Influence of solvent and cation on the properties of oxygen-containing organic anions. Part 4. Mechanism and reactivity of tetraaryloxirane cleavage with alkali metals

Abstract

Six tetraaryloxiranes 1a–f(Scheme 4) were reduced (Schemes 1–3) with alkali metals (M = Li, Na, K, Cs) in eight polar aprotic solvents under an inert atmosphere. The organometallic solutions thus obtained were hydrolysed and the reaction products analysed. Similar experiments were carried out where the same solutions were quenched with D₂O or Mel. In some cases the same solutions were studied by NMR and ESR spectroscopy before quenching. A stepwise reduction mechanism was established where the transfer of a first electron produces CO-bond scission in the oxirane ring, yielding a short-lived radical anion 4 or 5(Scheme 1), i.e. a tetraaryl-β-oxidoethyl radical. This intermediate can either eliminate oxygen as metal oxide (MO) to produce a tetraarylethylene 24(Scheme 2) or be further reduced to a dianion 8 or 9(Scheme 1). This anion yields, upon hydrolysis, low yields, if any, of the corresponding tetraphenylethanol 15 or 16(Z = H). The larger proportion of the dianion, after the first protonation step, yielding anion 11 or 12, undergoes CC-bond scission which leads eventually to the corresponding ketone and diarylmethane 19+ 20 or 21+23(Z = H)(Scheme 2). Other possible pathways were excluded through experiments where other possible intermediates were generated.
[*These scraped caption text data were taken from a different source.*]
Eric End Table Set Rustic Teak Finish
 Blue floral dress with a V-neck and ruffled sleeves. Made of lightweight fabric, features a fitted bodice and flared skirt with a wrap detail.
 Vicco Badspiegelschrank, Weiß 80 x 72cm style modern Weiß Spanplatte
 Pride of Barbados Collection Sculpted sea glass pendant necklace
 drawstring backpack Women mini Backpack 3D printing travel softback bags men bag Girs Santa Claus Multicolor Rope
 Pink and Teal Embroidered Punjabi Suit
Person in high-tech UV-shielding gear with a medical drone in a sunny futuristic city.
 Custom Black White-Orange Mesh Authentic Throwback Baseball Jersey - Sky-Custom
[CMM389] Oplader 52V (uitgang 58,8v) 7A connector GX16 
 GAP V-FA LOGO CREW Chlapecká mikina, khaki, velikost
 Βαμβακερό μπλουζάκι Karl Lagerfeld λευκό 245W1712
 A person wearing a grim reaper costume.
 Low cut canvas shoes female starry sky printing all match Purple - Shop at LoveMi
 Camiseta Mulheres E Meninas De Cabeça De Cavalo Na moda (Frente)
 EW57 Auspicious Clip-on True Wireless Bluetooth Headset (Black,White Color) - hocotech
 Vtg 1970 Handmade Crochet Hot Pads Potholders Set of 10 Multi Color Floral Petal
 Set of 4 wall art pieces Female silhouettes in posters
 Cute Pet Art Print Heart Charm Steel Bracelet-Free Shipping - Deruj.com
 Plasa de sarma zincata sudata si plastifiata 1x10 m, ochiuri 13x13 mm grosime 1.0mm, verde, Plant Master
These led to different end products. A triparametric linear correlation as a function of solvent parameters E_T^N and DN, as well as the cationic radius, was established for the influence of the nature of the solvent and counter-ion on the ratio between the rates of formation of products stemming from metal oxide (MO) elimination by the ring-opened radical anion 4 or 5(Schemes 1 and 2) and rates of formation of products stemming from further reduction of the same radical anion to the dianion 8 or 9, thus confirming the mechanism established.